With pictures left out, output exactly the lines from the line holding "tasarım için vektör modern simge" through the end of the data, both included.

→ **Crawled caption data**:

^^^^

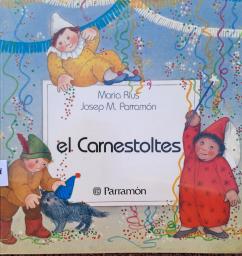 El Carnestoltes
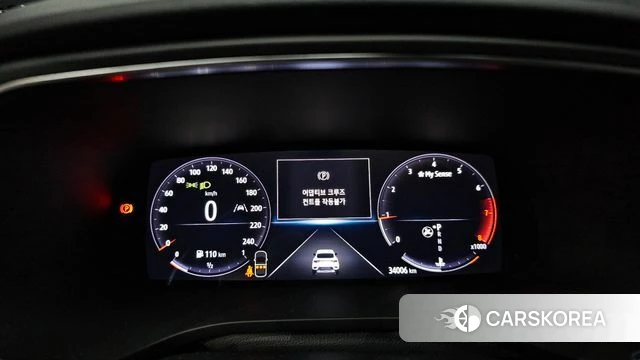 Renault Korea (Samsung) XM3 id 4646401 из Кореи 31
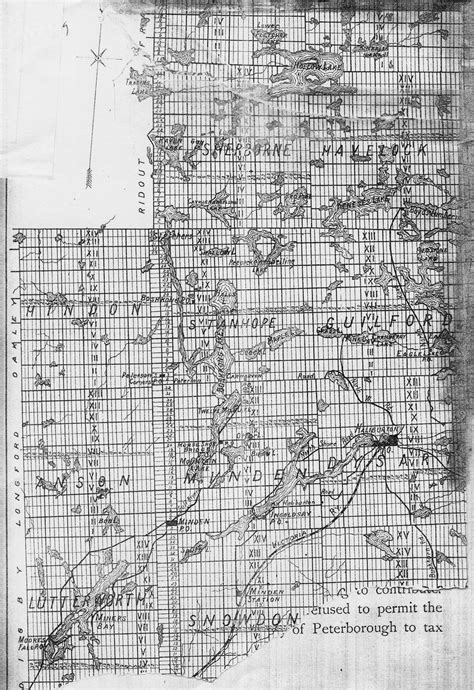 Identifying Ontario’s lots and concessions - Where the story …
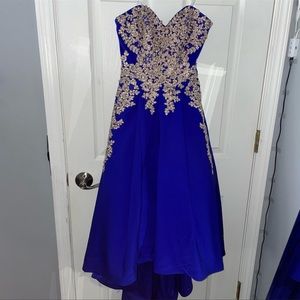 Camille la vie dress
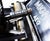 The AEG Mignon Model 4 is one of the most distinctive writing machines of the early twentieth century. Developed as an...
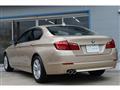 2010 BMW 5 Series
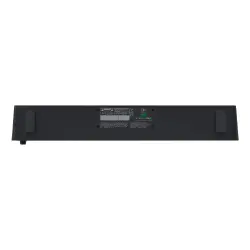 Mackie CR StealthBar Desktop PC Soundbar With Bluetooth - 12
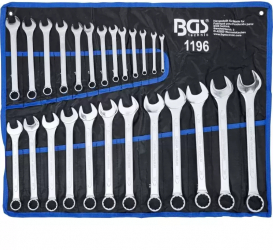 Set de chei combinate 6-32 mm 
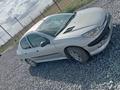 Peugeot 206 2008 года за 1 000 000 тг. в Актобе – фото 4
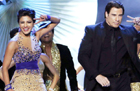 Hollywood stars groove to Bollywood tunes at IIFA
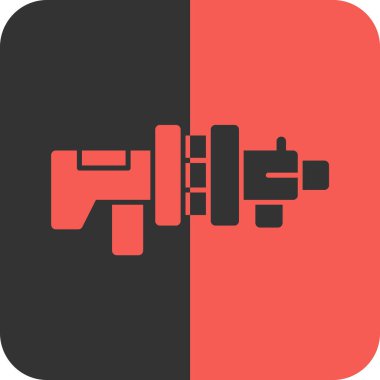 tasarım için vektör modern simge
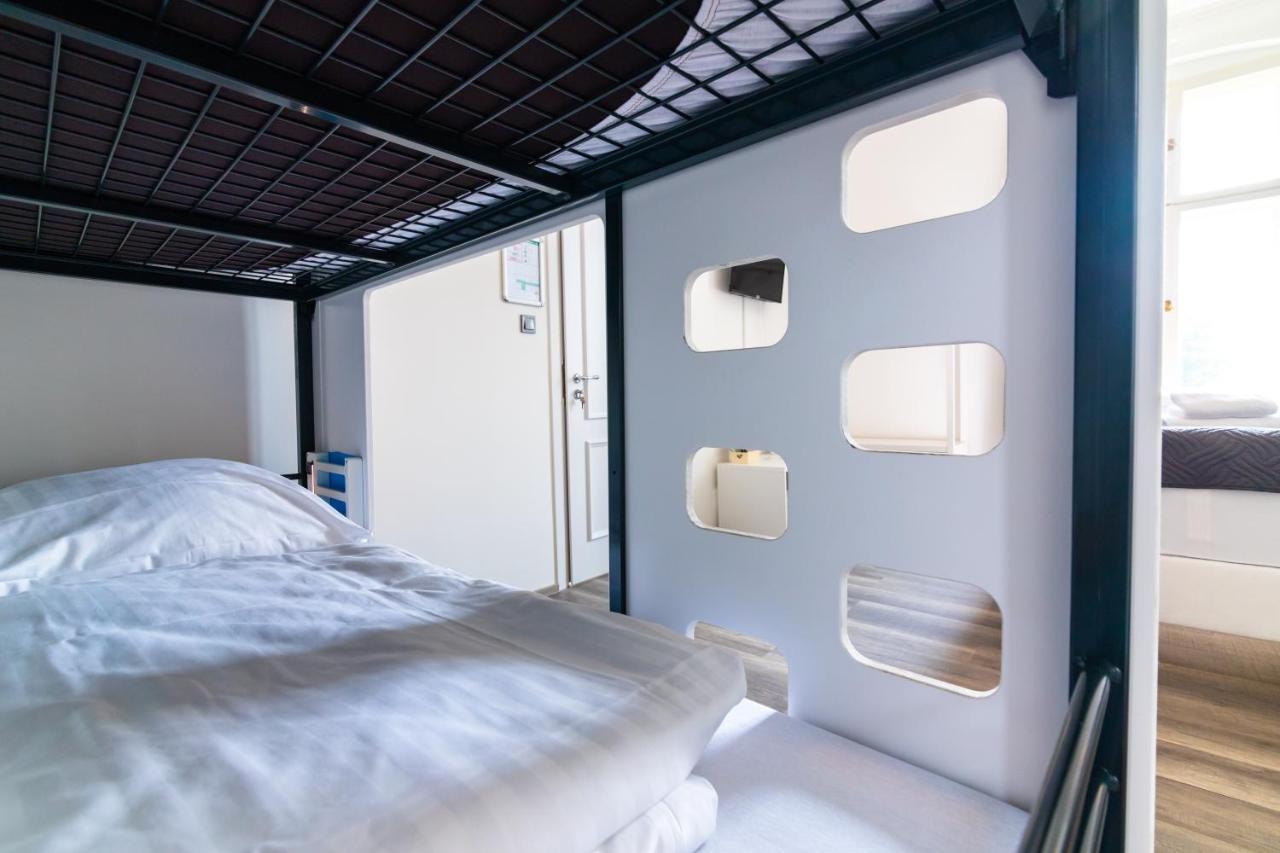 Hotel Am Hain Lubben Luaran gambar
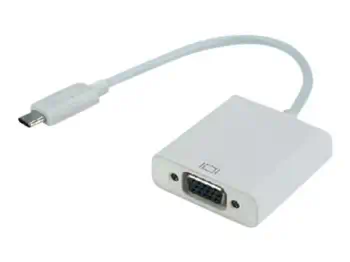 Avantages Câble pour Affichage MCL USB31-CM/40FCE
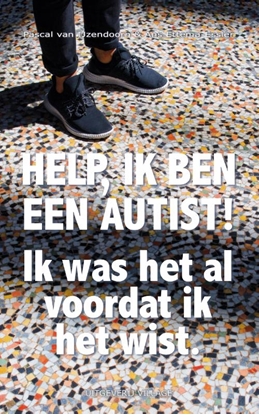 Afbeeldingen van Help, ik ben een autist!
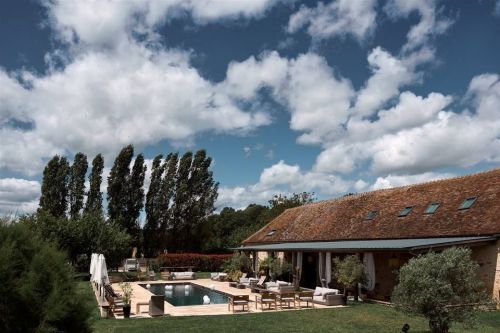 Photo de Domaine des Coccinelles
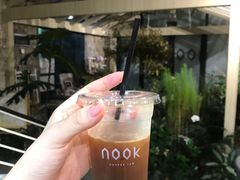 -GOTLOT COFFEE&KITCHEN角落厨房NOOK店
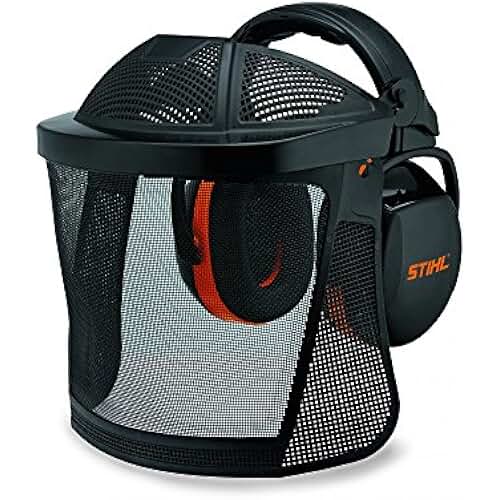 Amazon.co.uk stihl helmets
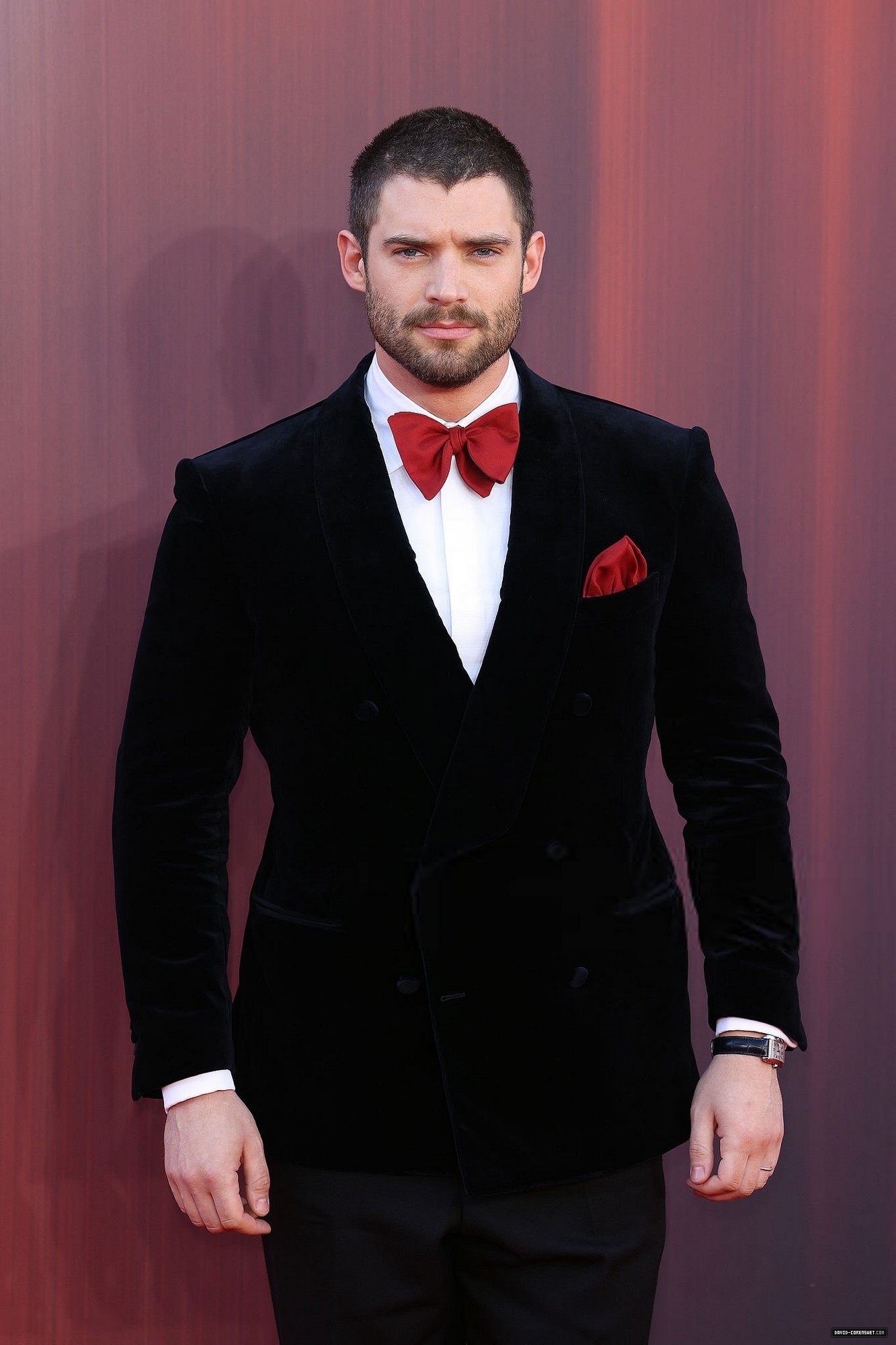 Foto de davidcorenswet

^^^^

→ **SOLVED PROBLEM**:
 tasarım için vektör modern simge
 Hotel Am Hain Lubben Luaran gambar
 Avantages Câble pour Affichage MCL USB31-CM/40FCE
 Afbeeldingen van Help, ik ben een autist!
 Photo de Domaine des Coccinelles
 -GOTLOT COFFEE&KITCHEN角落厨房NOOK店
 Amazon.co.uk stihl helmets
 Foto de davidcorenswet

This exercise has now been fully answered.